I need to write down the facts/stats/explanations of why we down consume a lot of animal products and compile a pamphlet I can hand out
I’m not going to now explain and defend (ahem, lecture) you all about why we don’t eat meat. I would never be so arrogant to assume that the same diet is the best for both our families, nor will I claim that only I am right, and that I can never learn something new. Instead here is how we got our very picky, never try something new, toddler to eat more food (though her favorite is still plain pasta). The secret lies as much in the method, as in the what.
HOW We Got Our Picky Toddler To Begin To Eat Food
Five methods. Try one, try them all, try whatever combo works for you. # 1, 4, & 5 were most successful in my house.
- Let them “help” you cook dinner. Just the thought of this made me pause and get a glass of wine. A patience testing task, because it’s not as fun and simple as cookies. Yet it’s worth it because the point here is that my kid see’s all the individual ingredients, and then like baking cookies, wants to taste them all. Think raw veggies, beans, sauces, grains, etc. After a few cooking sessions my toddler will now come up while I’m cooking to ask for some of the ingredients and will wander off with a cup of beans, or a plate of carrots, etc. Sure sometimes that means she won’t eat a ton of dinner, but I’m so damn happy she ate a vegetable at some point in the day, that I don’t care.
- Before the final “mix it all together” dinner step, set out a plate of individual ingredients. This works for us on nights where it’s a stir-fry type dish. I find that my toddler will eat beans, broccoli, and rice all separate, but mix it together with some sauce, and oh no, no, no, NO worst dinner ever. So rather than make her a separate meal (which I refuse to do) I just pull own parts of the current meal and put them in individual (not touching of course) piles on her plate.
- Eat with them in family dinner style. I have this parrot, that refuses to try any new food unless you stand in front of him and eat it first. It’s like he think’s I’m trying to poison him and I must first prove I’m not. My toddler is very similar. Not a guarantee of course that if mom doesn’t die, it must be good and will get eaten, but my odds are improved if we all eat together. We also have the rule, that if you don’t want to eat, you have to sit at the table in our company, until everyone is done eating. Sometimes this will result in them picking at their food in boredom.

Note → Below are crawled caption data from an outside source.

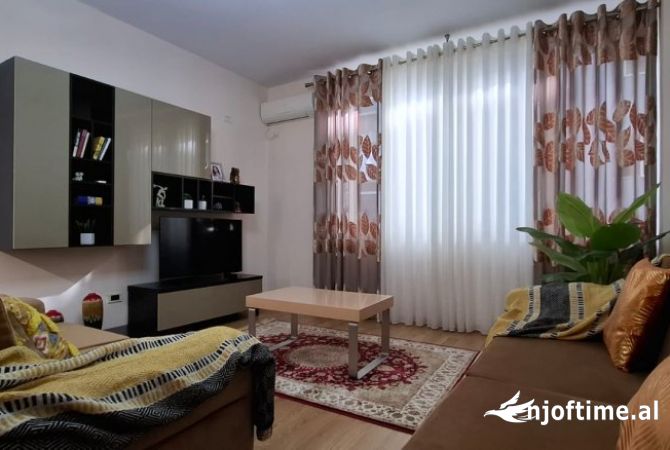 Shtepi me qera 1+1 ne Tirane - 600 Euro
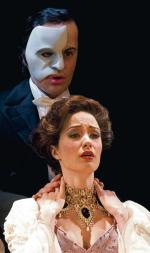 Amerykańska aktorka  Sierra Boggess  jako Christine  i Irańczyk Ramin Karimloo  jako Upiór  na scenie londyńskiego teatru Adelphi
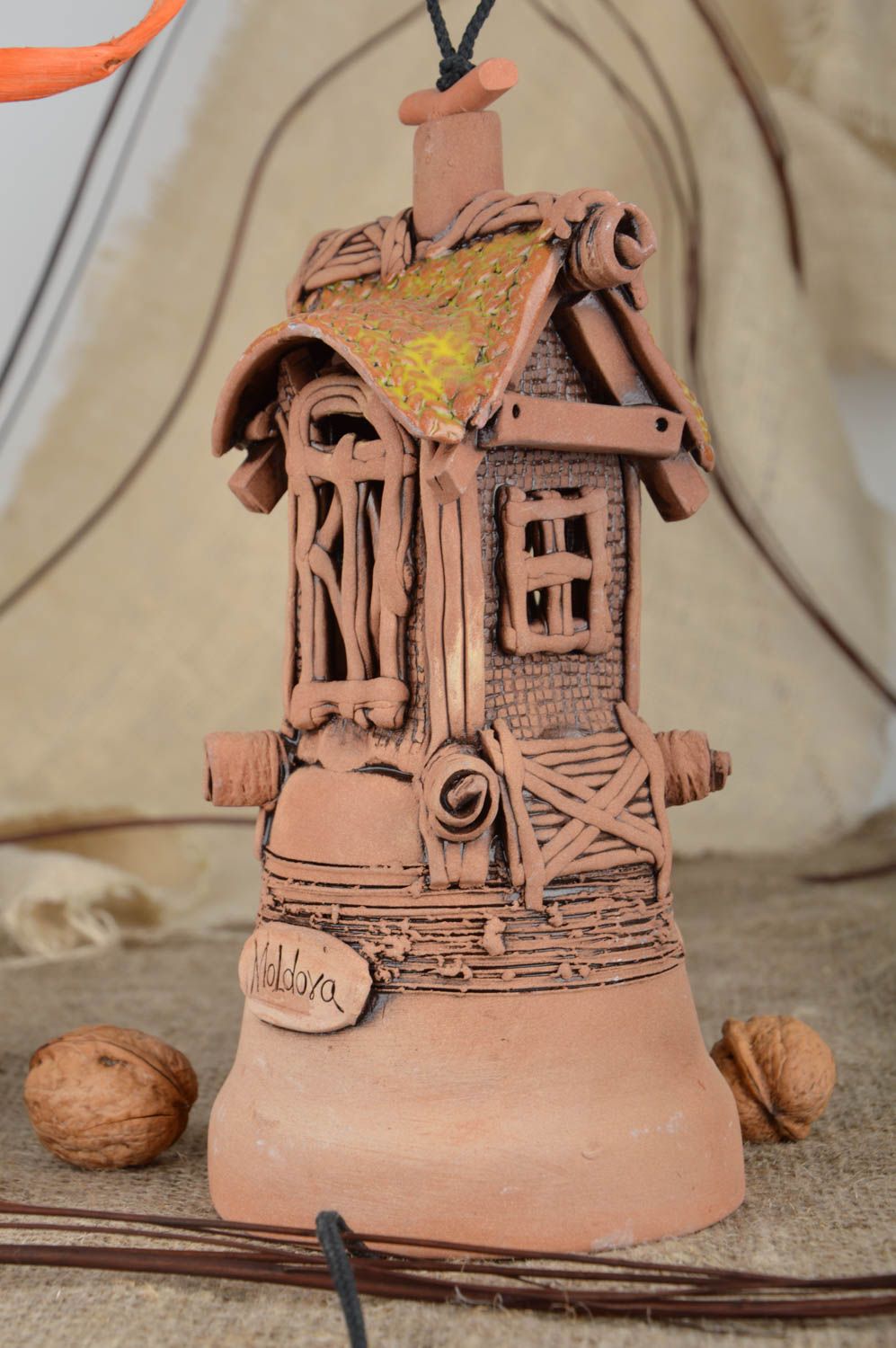Колокольчик в виде домика небольшой коричневый из глины подвеска ручная работа фото 1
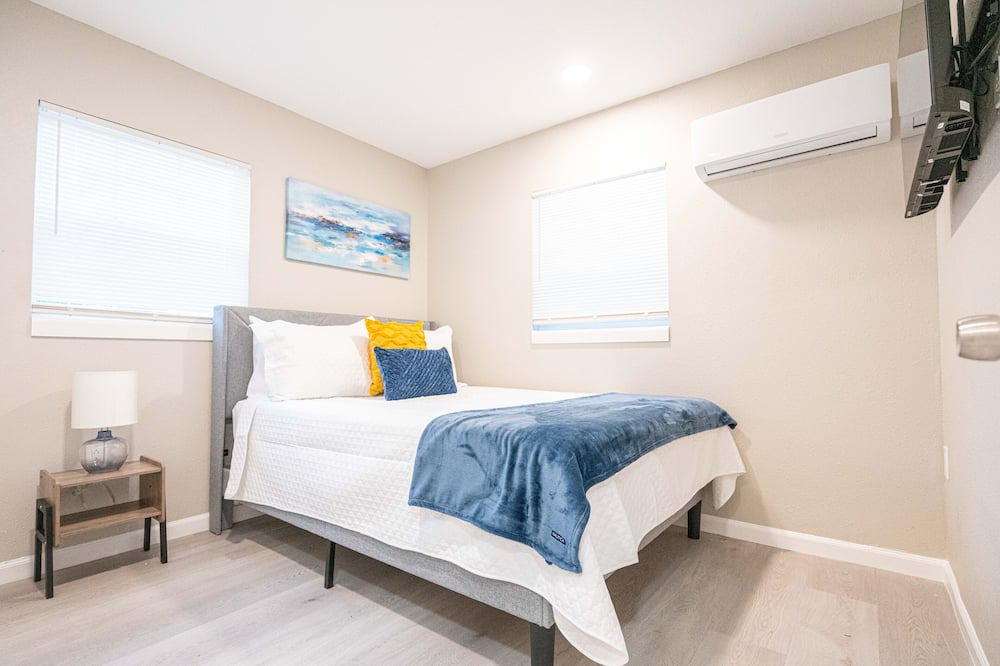 Photo of Bedroom in University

- Less sugar in the long run. This fall my husband and I decided to try dramatically lowering our sugar intake. You can read all about it in my post: What Happened When We Quit Sugar and Caffeine For One Month. While we noticed changes in our physical and emotional self as early as 2 weeks, it took longer for us to really notice a change in our kids. By 4 weeks the kids switched from nagging us for candy/cookies/processed snacks, to hounding us for fruits like bananas, clementines, grapes. By 6 weeks I noticed a definite difference in my toddlers willingness to try new foods. Her odds of liking them were higher, and she began to eat more.
- Independent choices. Around 2 1/2 my toddler hit the “I can do it all by myself” stage. Little miss independent. Armed with determination and stubbornness she seemed as if there was nothing she couldn’t master, including opening the refrigerator door. So, the best idea ever, we placed a shallow box/tray in a corner of the fridge and told her that anything on that tray, she could eat, anytime she wanted. I took her to the store and had her try out different jar/lid combos for what she could open on her own, brought them home, and filled them up. Bingo. Something about her being able to independently get the food and having “control” of the choices, has made her WAY more receptive to trying and eating healthy foods. For added bonus she’ll also share with her little sister, who is then more receptive (see #3). For the parent this method has caused a pleasant reduction in the number of “MOM RIGHT NNOOWWW!!” demands all day long. Here are the rules: only put in foods you’re OK with them eating..possibly in exchange for some lunch and/or dinner. Don’t refill foods, until the majority of the other options are gone (though to be honest this isn’t something I’ve had issues with yet). **For containers I found a stack of small glass bowls with plastic lids by Anchor Hocking-which fit my less plastic, more made in USA goals. I’ve found them and other good container ideas at Christmas Tree Shop, Target, and Kmart.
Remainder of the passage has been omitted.